Annelise’s death is a devastating note to hit at the end of “EST Men,” one that sheds new light on the Jennings’ personal imperfections. People are used in spy games all the time on this show, but Philip intentionally put Annelise in harm’s way, a pawn sacrificed in order to capture a knight. In doing so, he calls into question all of his convictions regarding Paige’s future in espionage. There is no “but she’s my daughter” anymore, because let’s face it: Annelise was somebody’s daughter, too. This is a score for Philip the spy; for Philip the father, it’s an error.
- Hello, zdravstvuj, and welcome to The A.V. Club’s coverage of The Americans’ third season. I’m excited to be reviewing my favorite ongoing basic-cable drama (qualifications!) for the site, and I hope you’re looking forward to watching alongside me. As ever, if there’s something about the episode/show/review that you’d like to discuss with me further, I can be found on Twitter and/or contacted via numbers station. And now, the most important parts of the review:
- The Americans Wig Report, Season Three, Week One: B. Elizabeth carries the wig game this week, busting out a pair of looks that have her resembling recording artists from two separate eras of pop music. First the return of an old standby: Young John Denver:
Later, during her driver’s ed excursion, she takes on some bangs, keeps one foot in the ’80s while planting the other in the mid-2000s and the promo materials for Jenny Lewis’ Rabbit Fur Coat.
- The Americans Soundtrack Report, Season Three, Week One: C-. The only real disappointment of the season premiere is its failure to live up to the promise of FX’s Police-cribbing ad campaign. No period-appropriate Top 40 cuts or new wave favorites to be heard tonight, not from the West, at least: Could anyone identify the song playing in the background of the Clark-and-Martha scene?
- Was there any Mail Robot? No.
- Did anyone mention Mail Robot? No, but I bet it came up with a sick burn about Gaad’s bandaged face.
- Paige is the Jennings kid that “EST Men” is most interested in, but Henry shows up just long enough to remind us of his existence—and to tell his sister that he’s done watching that Hershey’s Kisses commercial with Jason Alexander. In what feels like a statement of her shifting priorities, Paige The Nuclear Disarmament Activist skips right past the news in favor of The Jeffersons.
- Martha is learning how to shoot a gun.
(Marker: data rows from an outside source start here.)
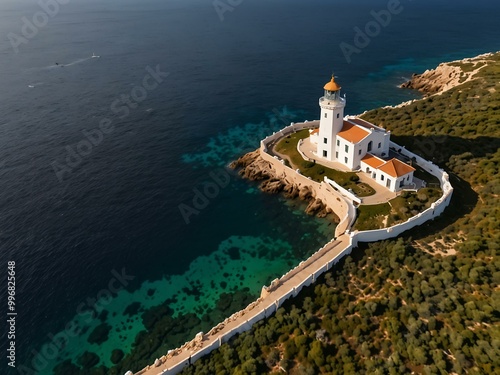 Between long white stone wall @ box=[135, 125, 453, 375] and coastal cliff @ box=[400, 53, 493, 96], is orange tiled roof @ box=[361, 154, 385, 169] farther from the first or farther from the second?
coastal cliff @ box=[400, 53, 493, 96]

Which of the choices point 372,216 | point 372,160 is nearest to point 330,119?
point 372,160

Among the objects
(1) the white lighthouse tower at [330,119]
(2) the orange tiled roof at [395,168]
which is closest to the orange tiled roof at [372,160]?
(2) the orange tiled roof at [395,168]

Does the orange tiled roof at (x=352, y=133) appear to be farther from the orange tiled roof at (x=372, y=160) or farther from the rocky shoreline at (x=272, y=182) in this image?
the rocky shoreline at (x=272, y=182)

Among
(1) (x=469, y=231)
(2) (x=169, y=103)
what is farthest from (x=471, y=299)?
(2) (x=169, y=103)

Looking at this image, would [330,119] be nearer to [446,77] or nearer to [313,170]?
[313,170]

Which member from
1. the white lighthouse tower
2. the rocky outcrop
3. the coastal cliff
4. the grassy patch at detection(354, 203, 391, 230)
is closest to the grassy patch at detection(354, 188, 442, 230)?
the grassy patch at detection(354, 203, 391, 230)

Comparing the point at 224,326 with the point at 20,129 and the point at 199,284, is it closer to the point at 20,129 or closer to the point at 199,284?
the point at 199,284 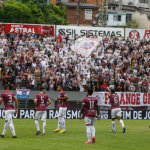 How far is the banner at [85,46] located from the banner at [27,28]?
5.84m

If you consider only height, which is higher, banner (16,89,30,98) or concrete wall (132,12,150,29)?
concrete wall (132,12,150,29)

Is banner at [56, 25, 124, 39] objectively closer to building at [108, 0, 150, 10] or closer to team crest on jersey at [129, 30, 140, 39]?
team crest on jersey at [129, 30, 140, 39]

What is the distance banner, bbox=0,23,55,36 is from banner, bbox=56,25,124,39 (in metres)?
1.12

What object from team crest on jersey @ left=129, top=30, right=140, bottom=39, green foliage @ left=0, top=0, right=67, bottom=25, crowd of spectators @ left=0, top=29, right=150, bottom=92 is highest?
green foliage @ left=0, top=0, right=67, bottom=25

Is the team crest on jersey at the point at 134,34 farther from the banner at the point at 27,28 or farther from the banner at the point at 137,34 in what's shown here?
the banner at the point at 27,28

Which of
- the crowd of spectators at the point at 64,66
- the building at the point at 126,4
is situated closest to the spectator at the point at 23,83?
the crowd of spectators at the point at 64,66

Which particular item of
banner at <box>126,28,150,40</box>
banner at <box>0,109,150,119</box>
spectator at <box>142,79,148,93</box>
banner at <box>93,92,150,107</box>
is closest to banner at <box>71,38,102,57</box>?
banner at <box>93,92,150,107</box>

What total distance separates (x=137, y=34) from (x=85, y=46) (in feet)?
38.3

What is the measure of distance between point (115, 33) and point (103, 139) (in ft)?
100

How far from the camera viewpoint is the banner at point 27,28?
4153 cm

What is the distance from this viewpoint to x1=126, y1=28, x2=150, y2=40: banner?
46281 mm

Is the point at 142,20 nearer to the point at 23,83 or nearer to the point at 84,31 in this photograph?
the point at 84,31

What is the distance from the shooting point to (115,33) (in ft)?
151

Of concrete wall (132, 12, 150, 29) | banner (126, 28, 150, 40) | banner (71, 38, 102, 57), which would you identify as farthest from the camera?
concrete wall (132, 12, 150, 29) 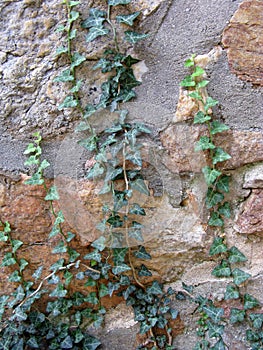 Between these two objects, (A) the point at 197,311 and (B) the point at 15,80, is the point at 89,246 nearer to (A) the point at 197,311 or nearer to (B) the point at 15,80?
(A) the point at 197,311

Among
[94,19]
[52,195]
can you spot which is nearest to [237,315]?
[52,195]

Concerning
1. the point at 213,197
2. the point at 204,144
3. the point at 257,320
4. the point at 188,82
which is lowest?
the point at 257,320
That… doesn’t seem ominous at all, does it?
- On the serialized front, Gaad may have gotten a face-full of his own weapon, but there’s still a victory for his team: A woman with a lot of knowledge about the Soviet side of Soviet-U.S. relations is either defecting or agreeing to cooperate with the Reagan administration. Apparently she works for the U.S.S.R.’s U.S.-Canada Institute. “What’s the U.S.-Canada Institute?” one of the FBI guys asks. “I’ll tell you later,” Stan helpfully replies. (Though it remains in operation today, The Institute for U.S. And Canada Studies’ Cold War function saw it advising Moscow on its North American foreign policy.)